Yoga Inversions: A Beginner's Guide
Even a forward fold or downward dog counts as an inversion. But if you're ready to go upside down, try these four easy steps.
Ask Nike Master Trainer and yoga instructor Branden Collinsworth to define a yoga inversion, and you might be surprised when he answers in terms of mind rather than body. "It's a flip of perspective", he says. "As soon as we take away the habituated state of standing on our feet all day and we go upside down, it allows us to see the world in a new way. It also forces us to be present, and it can even bring some of us into a state of flow".
While the literal definition—any yoga pose where your head is below your heart—might have been what you were looking for, Branden's perspective offers something that's arguably more important: a "why" for incorporating inversions into your practice.
On top of the positives that Collinsworth mentions, inversions offer powerful physical and physiological benefits as well. One pilot study published by BMC Research Notes showed that after an eight-week yoga programme that gradually increased the amount of time participants spent inverted from seven minutes to 20, most participants had significantly increased heart rate variability in the evenings. This means they spent more time in a parasympathetic state, or the body's rest-and-digest mode, where your heart rate, blood pressure and stress decrease, your muscles relax and your energy stores increase. Translation? Inversions can have a restorative effect on the automatic nervous system.
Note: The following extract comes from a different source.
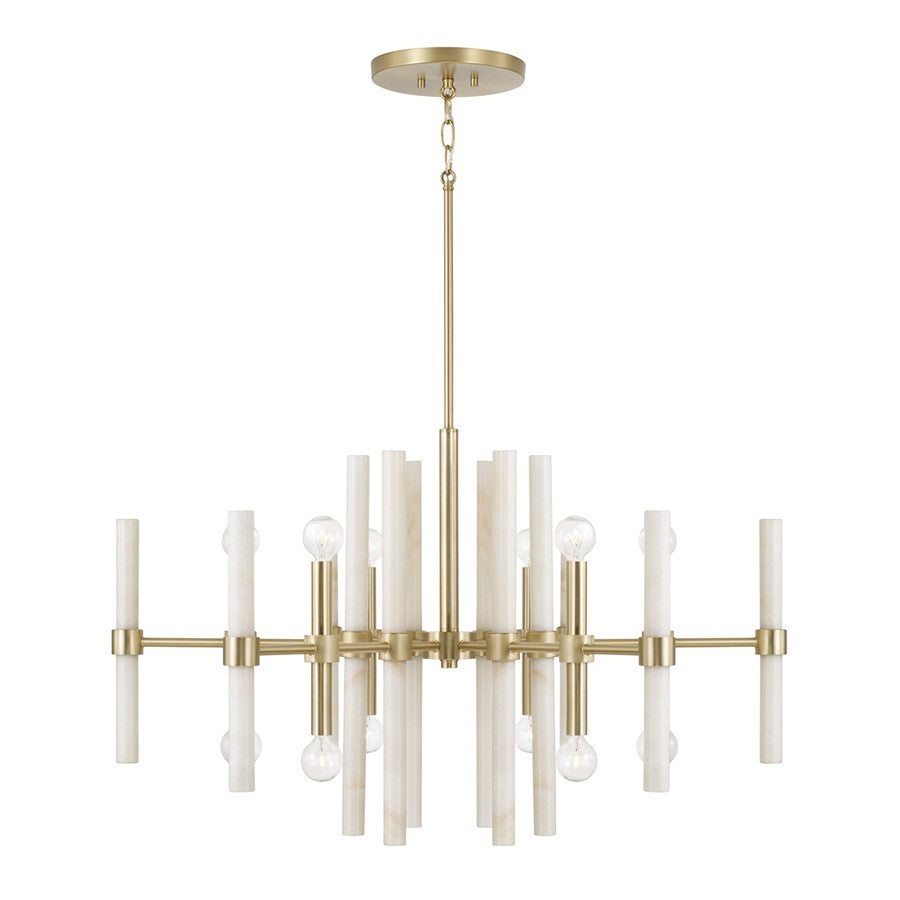 Capital Lighting Marlow 12 Light Chandelier, Matte Brass - 458001MA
"Even child's pose is a great opportunity to experience all of the amazing healing benefits of an inversion in a more gentle way".
Nike Master Trainer and Yoga Instructor
So what's the downside? Because people often associate inversions with having your legs in the air, the poses have developed a reputation for being intimidating or off-limits to beginners. But an inversion doesn't have to be a handstand or headstand. Have you ever done a forward fold or downward dog? Congrats—you've done an inversion. "Even child's pose is a great opportunity to experience all of the amazing healing benefits of an inversion in a more gentle way", says Jonah Kest, a Nike Master Trainer and yoga instructor. With that in mind, here are four easy approaches to help you get more comfortable with having your head below your heart.
- Raise your legs.
The gateway to inversions: "Just put your feet up on an elevated surface, like a bed or a couch", says Kest. Next, lie on the floor with your legs straight up a wall. "It's surprisingly hard for some people if they have tight hamstrings", says Collinsworth. These restorative poses, which can be held for minutes at a time daily, can get you comfortable with having your legs elevated while your head and heart are still on the same level.
- Do a simple bridge.
"Even though it's a mild inversion that anyone can do, a bridge is pretty powerful, because it still offers all of the benefits typical of inversions, like reducing stress, anxiety, fatigue and so on", says Collinsworth. Lie face up with your legs bent and feet flat, arms extended by your sides on the floor and fingertips grazing your heels. Lift your hips so your body forms a straight line from your shoulders to your knees. Hold this position for 30 seconds to a minute.
- Get used to being upside down …
… but with your feet still planted on the floor. "As you move towards a headstand, for example, start with the flexibility component of it", says Traci Copeland, a Nike Master Trainer and yoga instructor. Get in a wide straddle stance, then do a deep forward fold. Little by little—it could take days or weeks of practice, depending on your flexibility and comfort level—work to get your head closer to the ground. From here, you can start to play around with shifting your weight into your hands and the top of your head. Copeland recommends pausing frequently to check in with yourself. "Staying connected to the moment can help you to not get overwhelmed by the experience", she says. Hold the fold for a few seconds at first, then gradually increase the amount of time. Do it often, until you're comfortable with the position.
- Get proper guidance.
Before you actually kick up, seek step-by-step advice from a qualified yoga instructor. "It's really important to have help when you're starting out", says Collinsworth. "Now, in this suddenly virtual world, it's going to be a lot harder to get hands-on guidance. But good yoga teachers are going to make up for that by walking you through every little thing, just drilling, 'Do this, then this and now this'". And to make sure you're doing "this" safely? Channel another yoga staple: mindfulness. "Just try to physically and mentally stay on your mat and in the moment", says Copeland. "That way, you're not trying to do something somebody else is doing, you're doing what feels right for you in the moment".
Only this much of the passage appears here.